A captive insurance company is set up for the purposes of self-insurance. When retail insurance is too expensive or does not cover risks that you need covered, you can start your own insurance company to insure your primary business and other affiliated businesses. While these companies are not explicitly set up for tax purposes, significant tax breaks are available when you own your own captive insurance company.
Paying premiums to a captive insurance company is tax deductible for your business. The insurance company receives these premiums as premium income and your business treats the premium payments as a business expense, which is deductible under Internal Revenue Code (IRC) section 162. This reduces your business income every year for the premium payments that your business needs to make anyway.
The captive insurance company receives premium dollars as income. However, this money is received on a tax-free basis up to $1.2 million under IRC section 831(b) (as of 2010). This means that you own a company that receives up to $1.2 million of tax free income every year.
Estate Tax Benefits
If your children or heirs own the captive insurance company, instead of you, the money held by the insurance company is effectively transferred to your children or heirs without having to pay estate taxes on any of it up to $1.2 million. This could significantly reduce or eliminate your estate liability.
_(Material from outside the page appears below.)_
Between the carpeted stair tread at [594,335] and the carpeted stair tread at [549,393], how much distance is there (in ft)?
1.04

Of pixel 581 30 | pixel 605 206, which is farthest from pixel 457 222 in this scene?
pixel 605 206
If you retire in a state with no income tax, you will completely eliminate tax on income received from the captive insurance company. Because dividend income from the captive company is considered a qualified dividend, the income received as dividend income is taxed at the federal capital gains tax rate instead of at ordinary income tax rates. This dramatically reduces your tax burden during retirement.
Investment Income Tax
Captive insurance companies pay tax on investment income at preferred tax rates. For example, a captive company only pays tax on 30 percent of any U.S. stock dividend it receives, and will only pay a federal tax rate between 4.5 and 10.2 percent depending on the total dividend it receives.